Мирра вздрогнула, стала слушать внимательно.
– …Смотреть на вас двоих утешительно и в то же время страшно… Я со вчерашнего вечера всё думаю об энергии любви. И мне стала ясна одна вещь, очень важная. Он, конечно, прав, и любовь бессмертна, но не всякая любовь. Та любовь, – Бах показал пальцем на потолок, – безусловно, интеграл движения и бессмертна, ибо у Бога система открытая, не имеющая границ. Но эта существует в замкнутой системе. Система эта гранична и конечна. Конечна, понимаете? – Он поежился. – Я не каркаю. Просто я смотрю на вас двоих, и мне очень страшно… – Иннокентий Иванович огорченно всплеснул руками. – Я плохо говорю, вы меня не понимаете!
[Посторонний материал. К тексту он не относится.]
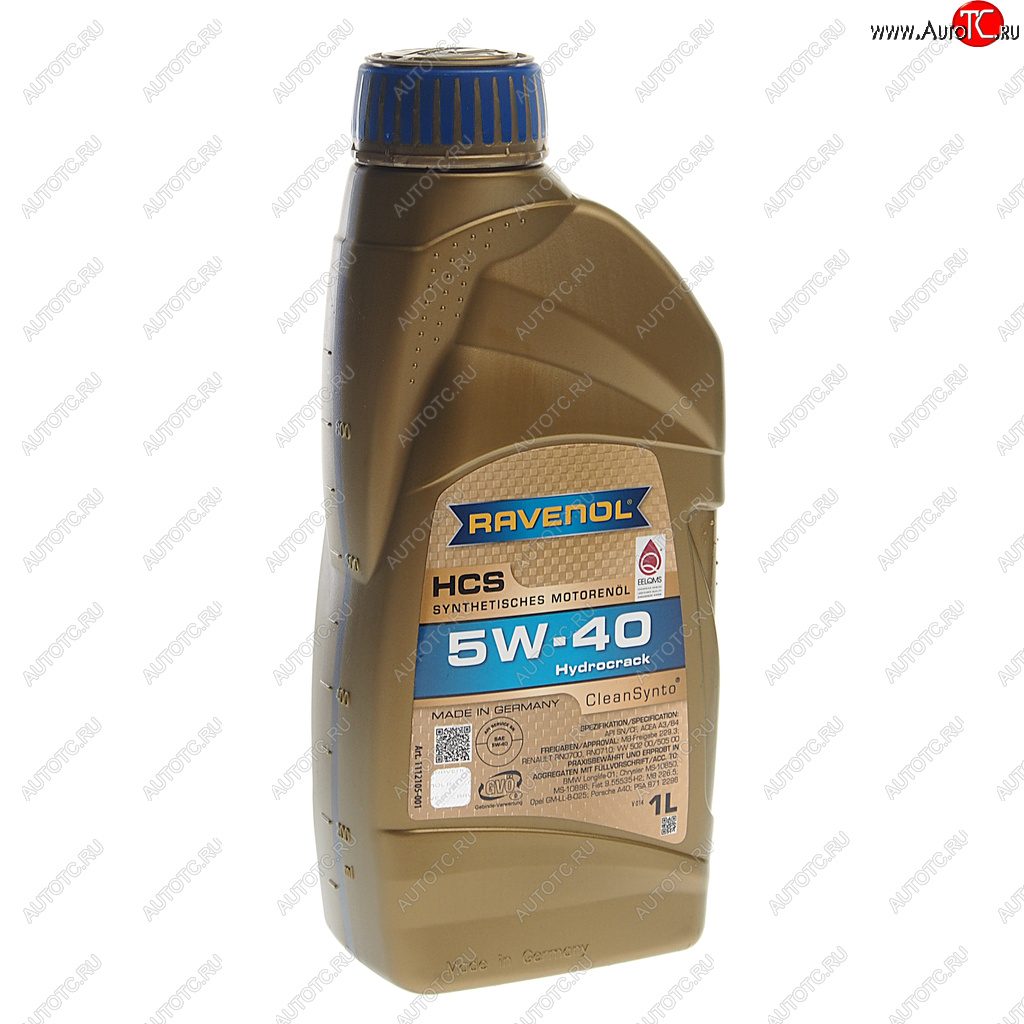 1 559 р. Масло моторное HCS 5W40 синт.1л RAVENOL RAVENOL 1112105-001  с доставкой в г. Пермь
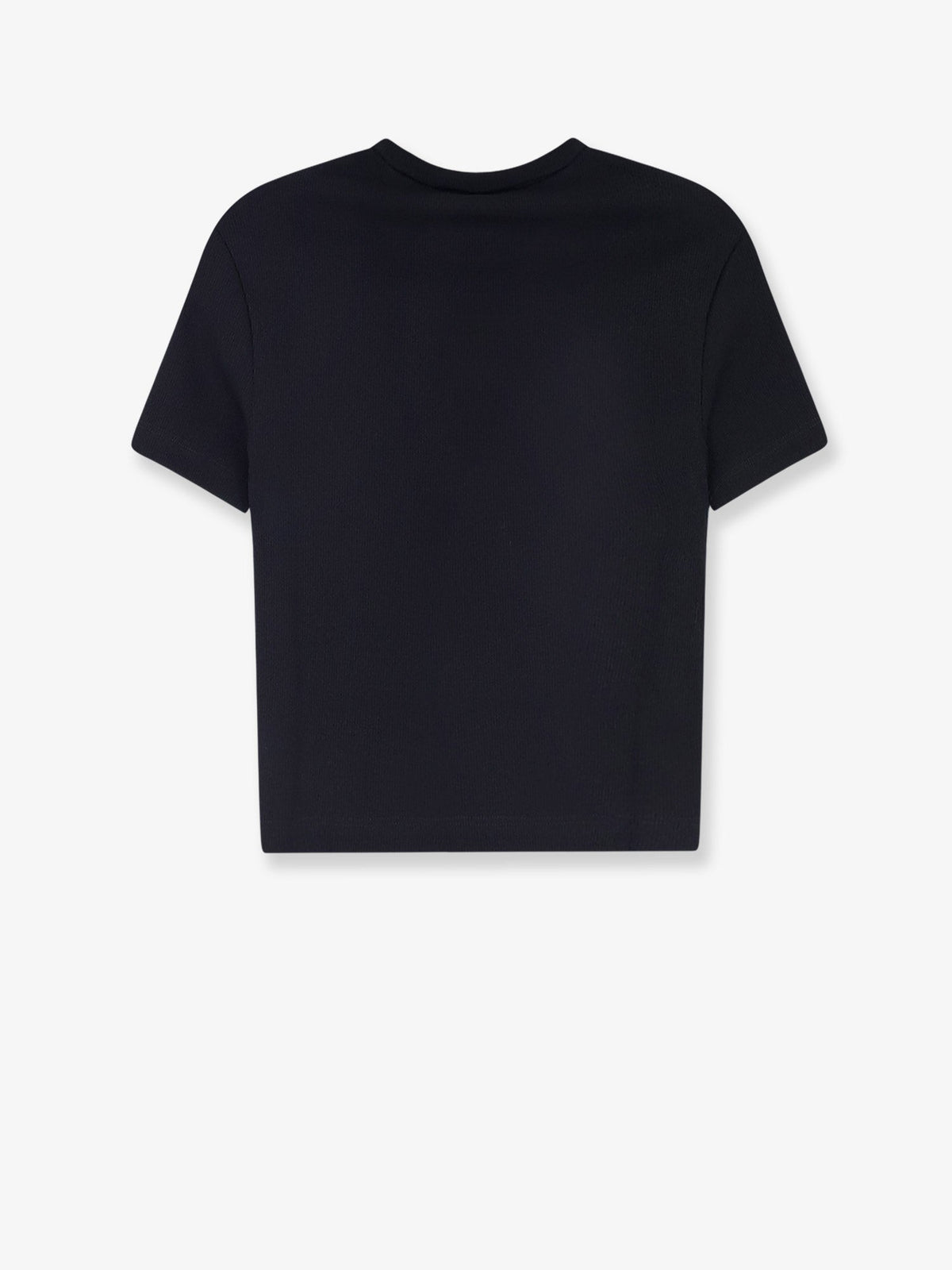Fendi Cropped stretch cotton t-shirt - Black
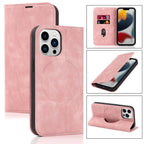 Magnetic Leather Wallet Phone Cover for iPhone 14 Plus 13 Pro Max 12 Mini for Wireless Charging Kickstand Card Case Magnetic Flip PU Leather Phone Case with Card Holder Slots Kickstand Shockproof Case Stevvex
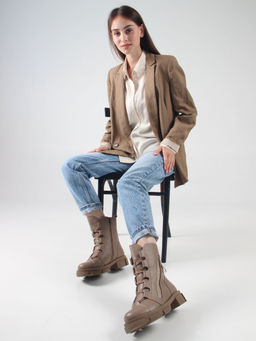 Ботинки EDART 418.21074 nut.cocoa flotter/шерсть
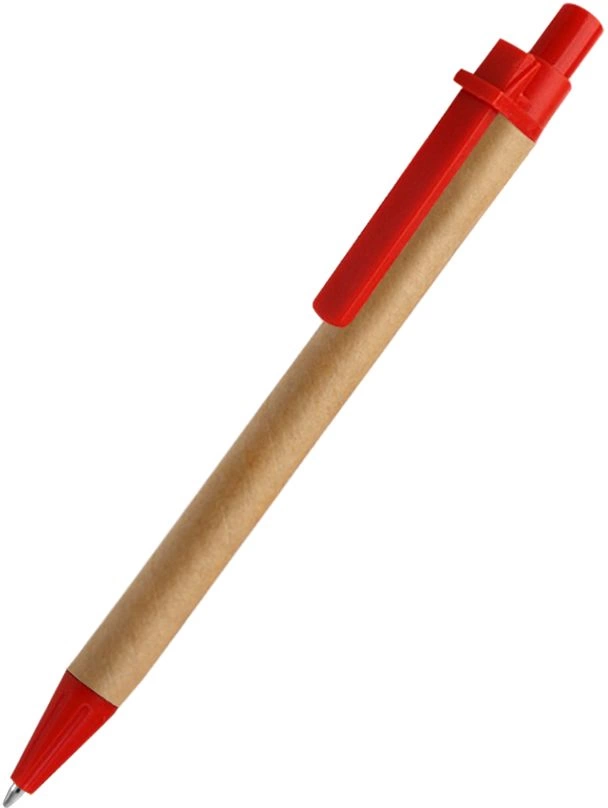 Шариковая ручка NATURAL BIO - Красный PP фото 1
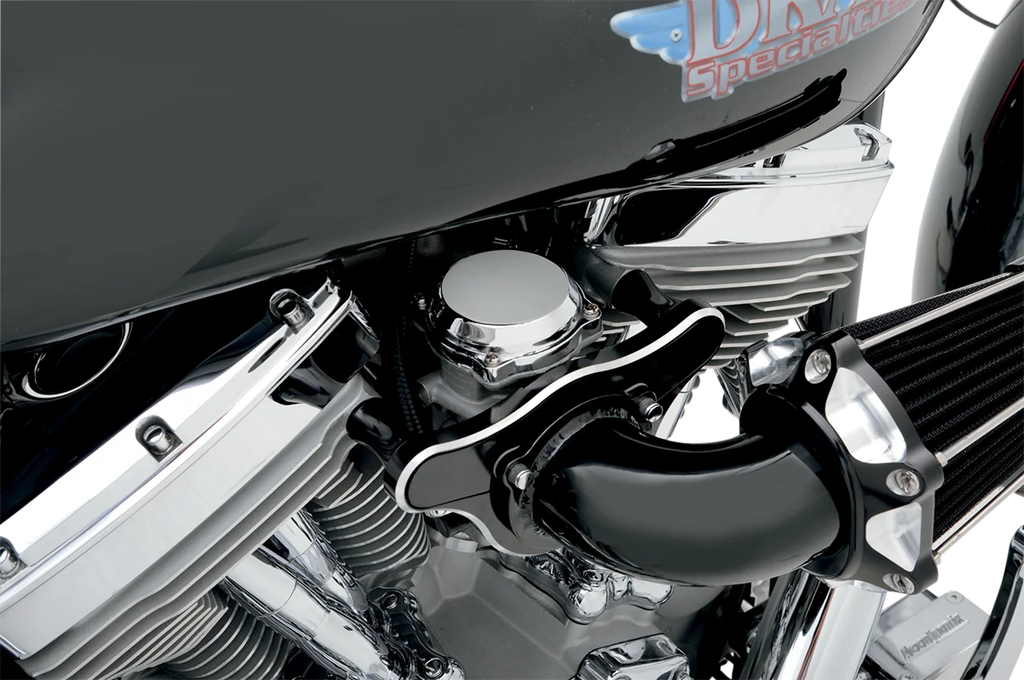 Constant Velocity Carburetor Top Cover - Smooth - Chrome DragSpecialties 72830 - Side View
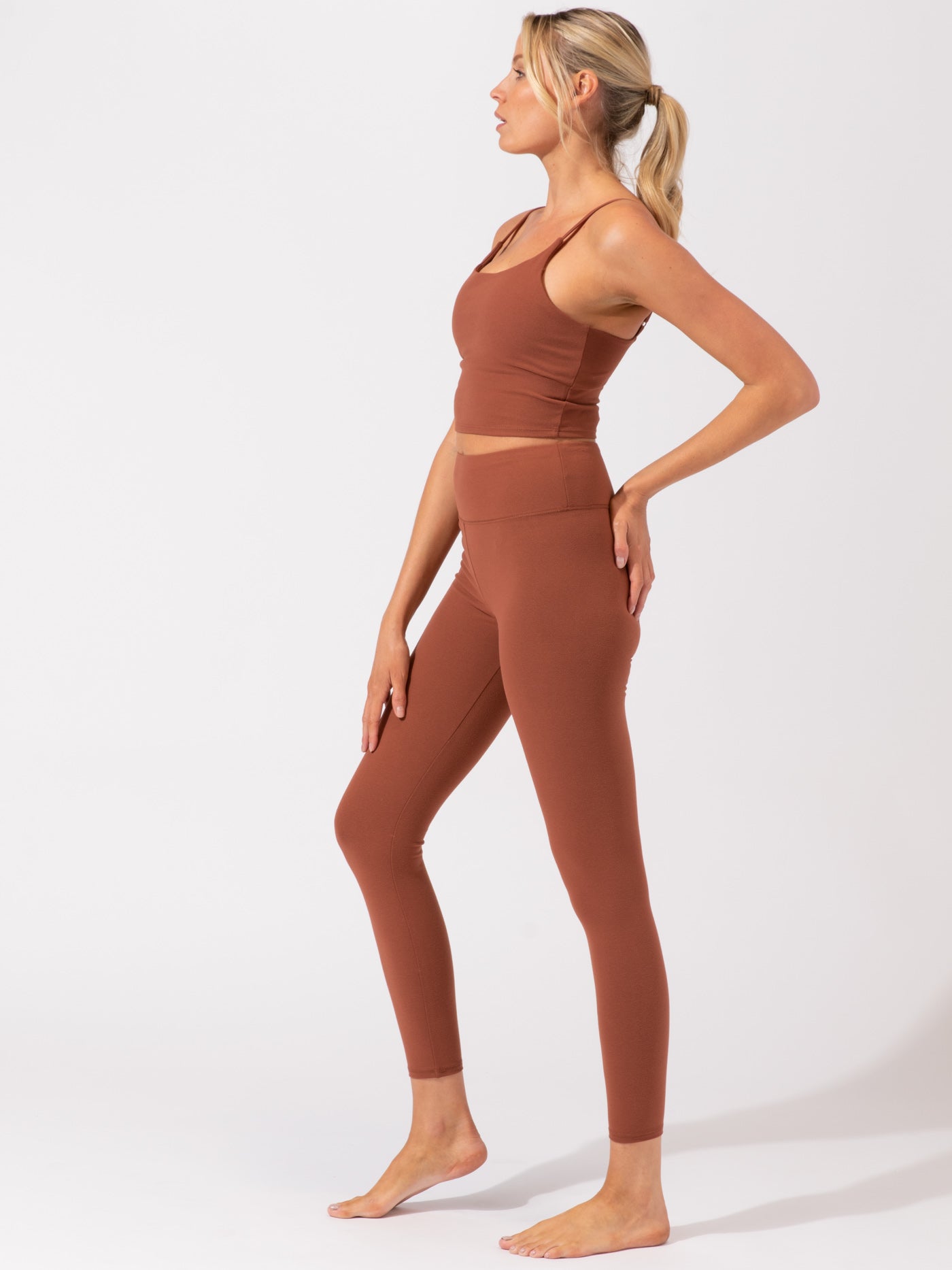 Women's Comfort Fit Full Length Legging - High Rise Athletic Tights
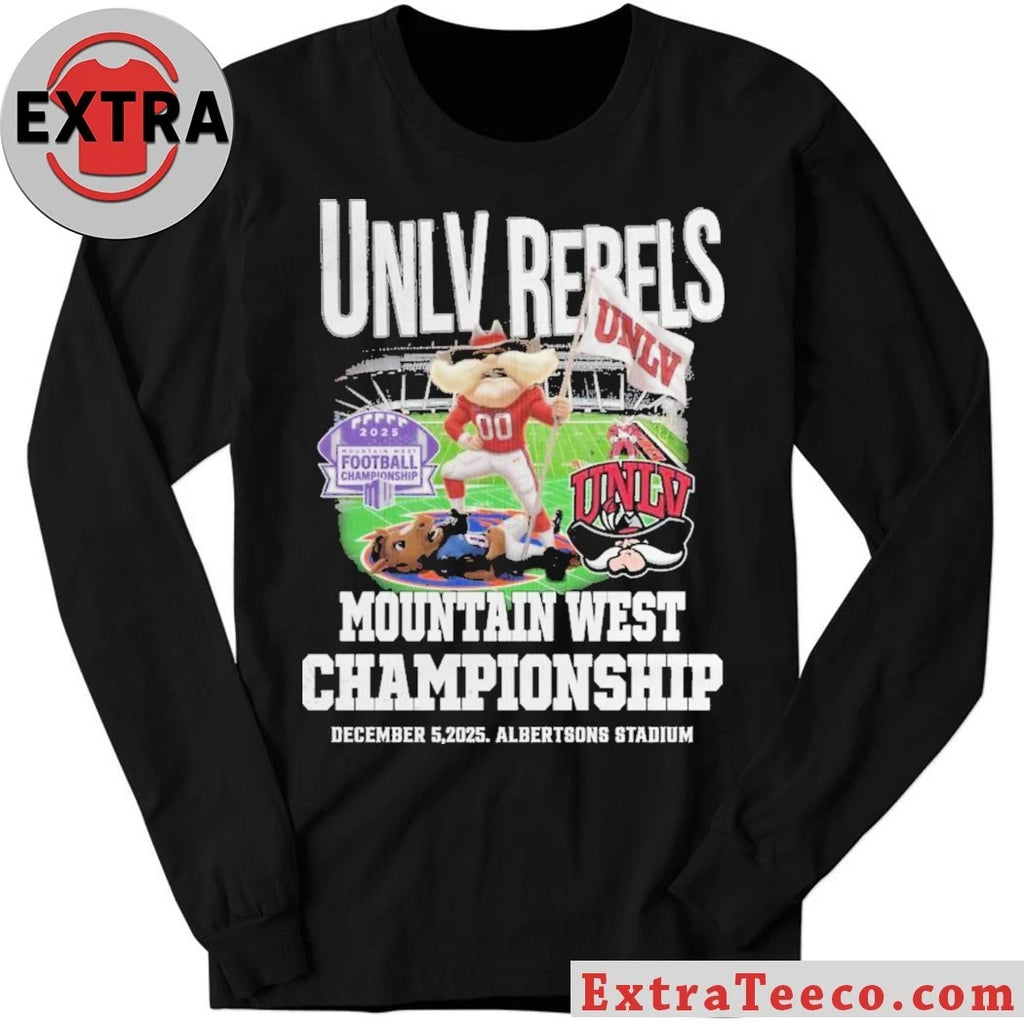 Official UNLV Rebels Winner Mountain West Conference Championship December 5 2025 Yulman Stadium Victory Logo T-Shirt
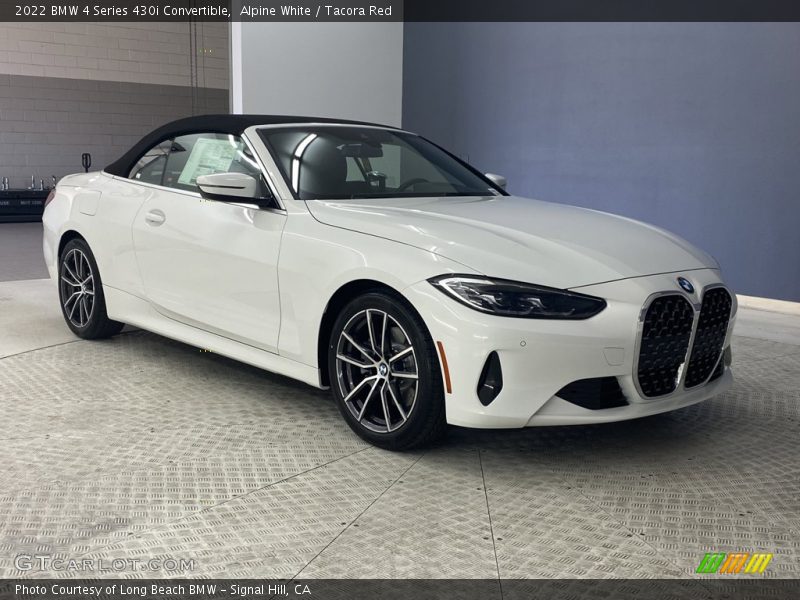 Alpine White / Tacora Red 2022 BMW 4 Series 430i Convertible
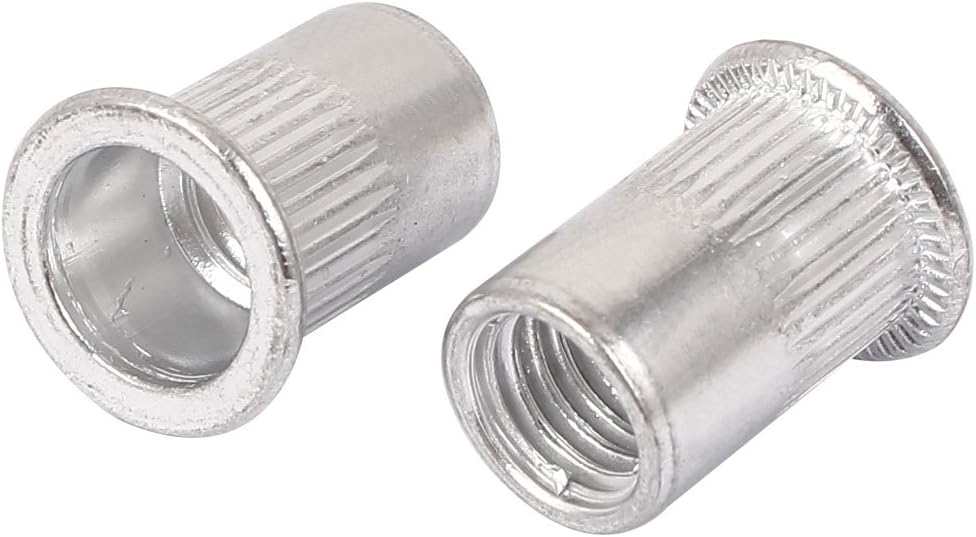 Aexit M10 Aluminum Flat Head Rivet Nut Insert Silver Tone 300pcs (c3d0f03bfd4de33e7f9e3ca7b881b70a)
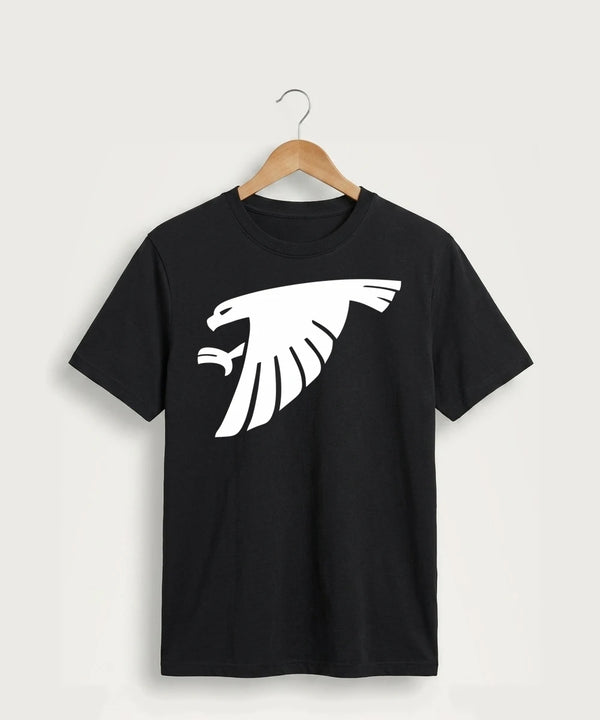 Sauk Valley Community College Basketball Team Store - Jet Black Port & Co Core Cotton Tee. PC54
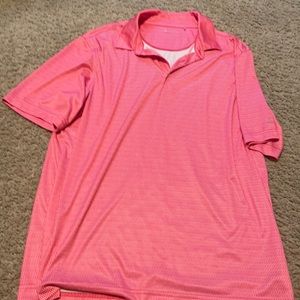 Men’s Walter Hagen Pink Golf Shirt Large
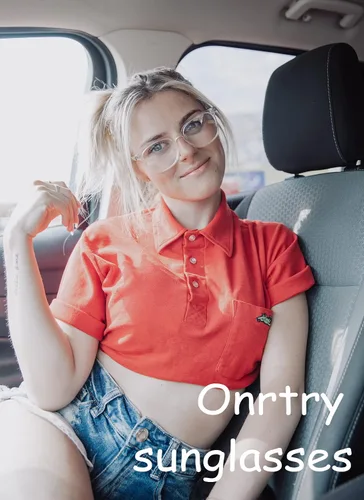 Vista 2 de Onrtry Gafas sin receta para hombres y mujeres, lentes transparentes cuadradas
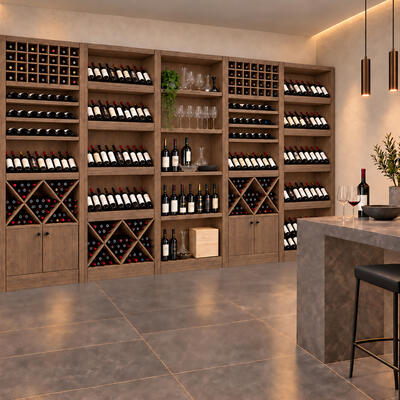 Photo du produit ' �tag�re � vin PRESTIGE NOVO bois de ch�ne teint� marron '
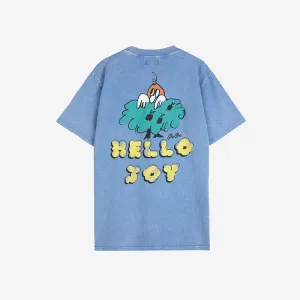 Bobo Choses Woman - Hello Joy unisex T-shirt - blue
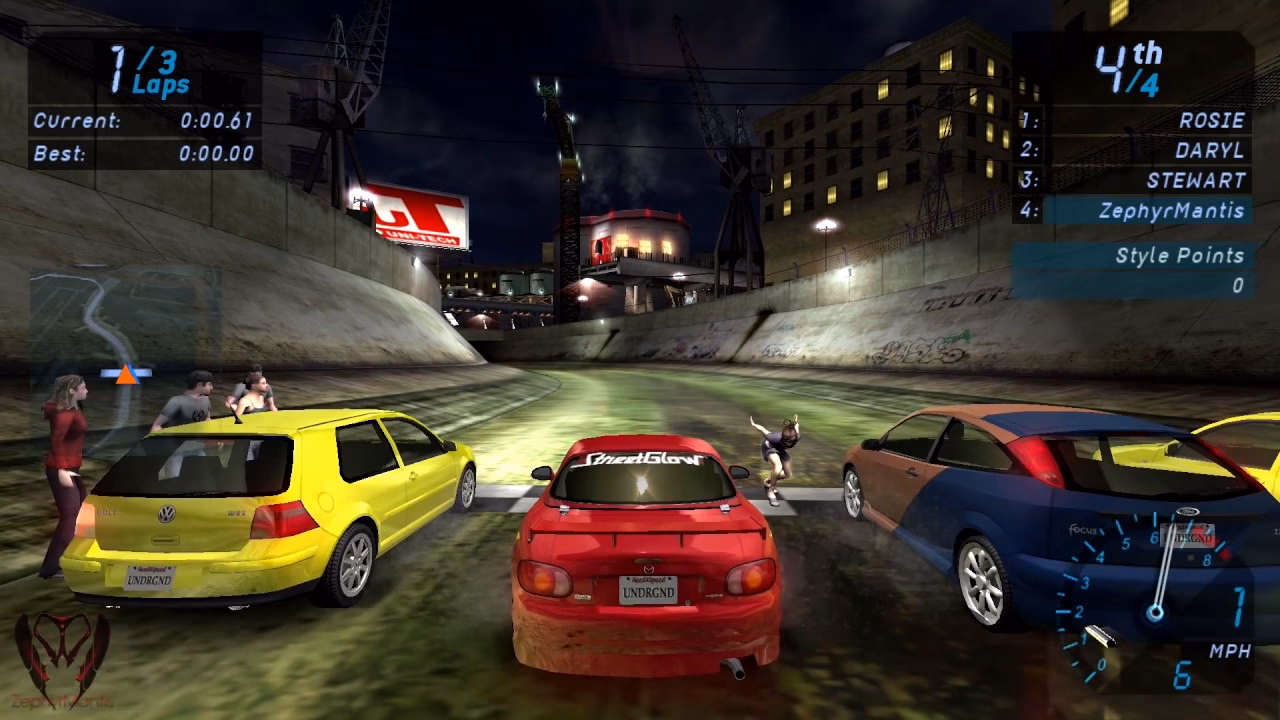 What is the latest version of need for Speed Underground?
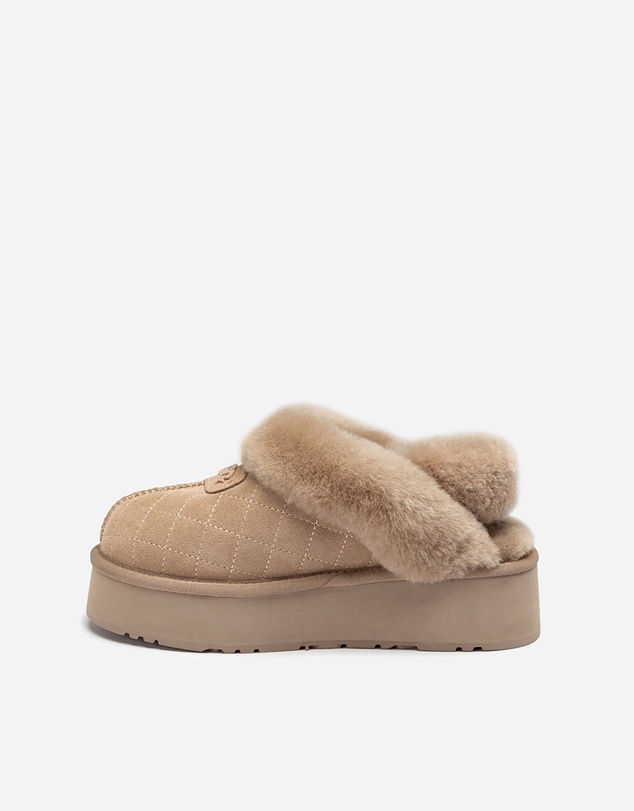 Ozwear Connection Uggs - Ugg Coquette Matelassé Logo Platform Slipper (Detachable Feature)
Мирра, в самом деле, поняла только одно: мямля хочет, чтобы у них с Антоном ничего не получилось.
– Это вы ничего не понимаете, – пожала она плечами. – Во всяком случае в любви. Что вы можете о ней знать?
И выразительно посмотрела на его мягкое, мятое лицо без малейших признаков мужественности – даже бороденка на этой полудетской, полустариковской физиономии выглядела не вторичным половым признаком, а каким-то цыплячьим пухом. Скопец, а не мужчина.
– Я? О любви? – Он задумался. – Очень немногое. Зато самое главное.
– Что же, по-вашему, в любви самое главное? – усмехнулась Мирра.
– Что любить можно или Бога и всех, или какого-то одного человека и больше никого. По-настоящему – никого.
– Да почему же? Нравится вам ходить в церковь и молиться – на здоровье. Любите своего Бога, кто вам мешает! А любовь мужчины к женщине и женщины к мужчине – это совсем другое.
– Нет, – уверенно качнул головой Бах. – Вы ведь согласитесь, что по-настоящему можно любить только всей душой. А это значит без остатка. На другую любовь ничего не останется.